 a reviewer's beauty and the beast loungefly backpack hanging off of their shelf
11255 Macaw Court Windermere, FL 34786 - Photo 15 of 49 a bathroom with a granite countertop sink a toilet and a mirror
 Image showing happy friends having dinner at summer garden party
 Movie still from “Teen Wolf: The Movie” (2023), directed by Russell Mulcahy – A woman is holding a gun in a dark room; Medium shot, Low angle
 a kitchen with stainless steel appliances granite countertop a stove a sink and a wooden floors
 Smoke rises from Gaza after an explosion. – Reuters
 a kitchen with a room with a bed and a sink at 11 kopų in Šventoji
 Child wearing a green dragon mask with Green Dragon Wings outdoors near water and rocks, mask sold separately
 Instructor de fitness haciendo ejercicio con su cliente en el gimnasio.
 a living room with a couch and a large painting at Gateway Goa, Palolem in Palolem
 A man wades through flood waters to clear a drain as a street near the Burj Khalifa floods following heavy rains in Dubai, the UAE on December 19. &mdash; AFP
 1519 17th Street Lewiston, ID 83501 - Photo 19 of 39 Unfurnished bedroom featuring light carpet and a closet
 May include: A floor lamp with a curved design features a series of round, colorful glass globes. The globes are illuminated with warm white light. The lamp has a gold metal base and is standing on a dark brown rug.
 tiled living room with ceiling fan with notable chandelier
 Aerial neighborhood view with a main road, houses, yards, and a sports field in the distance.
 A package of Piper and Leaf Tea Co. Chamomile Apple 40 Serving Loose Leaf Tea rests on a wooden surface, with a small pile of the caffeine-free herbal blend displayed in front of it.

____

Give back the entries exactly. Omit none of them.

 a reviewer's beauty and the beast loungefly backpack hanging off of their shelf
11255 Macaw Court Windermere, FL 34786 - Photo 15 of 49 a bathroom with a granite countertop sink a toilet and a mirror
 Image showing happy friends having dinner at summer garden party
 Movie still from “Teen Wolf: The Movie” (2023), directed by Russell Mulcahy – A woman is holding a gun in a dark room; Medium shot, Low angle
 a kitchen with stainless steel appliances granite countertop a stove a sink and a wooden floors
 Smoke rises from Gaza after an explosion. – Reuters
 a kitchen with a room with a bed and a sink at 11 kopų in Šventoji
 Child wearing a green dragon mask with Green Dragon Wings outdoors near water and rocks, mask sold separately
 Instructor de fitness haciendo ejercicio con su cliente en el gimnasio.
 a living room with a couch and a large painting at Gateway Goa, Palolem in Palolem
 A man wades through flood waters to clear a drain as a street near the Burj Khalifa floods following heavy rains in Dubai, the UAE on December 19. &mdash; AFP
 1519 17th Street Lewiston, ID 83501 - Photo 19 of 39 Unfurnished bedroom featuring light carpet and a closet
 May include: A floor lamp with a curved design features a series of round, colorful glass globes. The globes are illuminated with warm white light. The lamp has a gold metal base and is standing on a dark brown rug.
 tiled living room with ceiling fan with notable chandelier
 Aerial neighborhood view with a main road, houses, yards, and a sports field in the distance.
 A package of Piper and Leaf Tea Co. Chamomile Apple 40 Serving Loose Leaf Tea rests on a wooden surface, with a small pile of the caffeine-free herbal blend displayed in front of it.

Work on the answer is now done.